I went to see Andrea Arnold’s
adaptation of Wuthering Heights at our local independent cinema recently; I thought
it was amazing. However, I seemed to be
in a minority and I just couldn’t understand why; it took a while for me to
digest why I liked it – and why it seems that the other people around me didn’t,
but I think I finally figured it out (well, a little bit!)
When I
first read Wuthering Heights, many years ago, I read the story of Heathcliff
and Cathy; the novel was all about love and being kept apart and how love would
conquer all, even death. The idea of Heathcliff
and Cathy being together in death as they could not be in life was so romantic
and appealed to my teenage self. Over
the years I have found a different story every time I have re-read the novel
and have lost the idea of Wuthering Heights being the greatest love story ever
told; instead, I have come to see a novel about struggle – against prejudice,
gender, the environment, just about everything.

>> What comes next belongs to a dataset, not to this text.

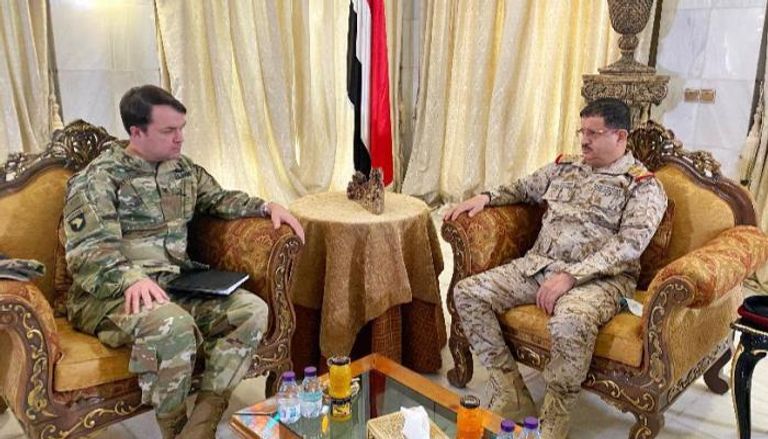 جانب من لقاء وزير الدفاع اليمني والمسؤول العسكري والأمني الأمريكي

The novel, as I see it, is about the harshness of life – not just a love
story (although, the feelings of Heathcliff and Cathy for each other bind the
story together).
So,
when I watched the film, I was not surprised that it foregrounded the landscape
and the conflict of the characters; I was impressed, and just a little relieved
that someone else ‘read’ the book similarly to the way I do! I was impressed by
the lack of – well, noise in the film; the characters do not need to speak,
they act out their feelings and we
(as the viewers) can see the power that Cathy holds over Heathcliff, right from
the start, in the way she treats him.
This power ranges from her ripping his hair out of his head (without a murmur
from him), to her pinning him to the ground with her foot on his head. There is no need for a musical score, the
sounds of nature – the wind, the rain and the sounds of nature are an apt
soundtrack, which I found made me look and listen more, not being distracted by
music.
Arnold also did well in not creating
likeable characters. To be frank, I do
not think there are not many likeable characters in Wuthering Heights; Cathy is
selfish, Heathcliff is...well Heathcliff, tortured and Byronic. Even Nellie
Dean has her bad points and she is one of the nicer characters! Arnold shows this very well, the characters
are not shown as if they belong in a love story – they are harsh and as
unforgiving as the landscape they live in, a landscape which they belong in.
Maybe I liked the film because it
was the adaptation I wanted it to be, that matched my reading of the novel, and
maybe that is the problem with the film too.
There is no resolution, the second generation do not enter the film at
all, so there is no happy ever after, just the bleakness of the Yorkshire Moors
and the thought of death separating Heathcliff and Cathy – and not the love
story that has come to be associated with Wuthering Heights.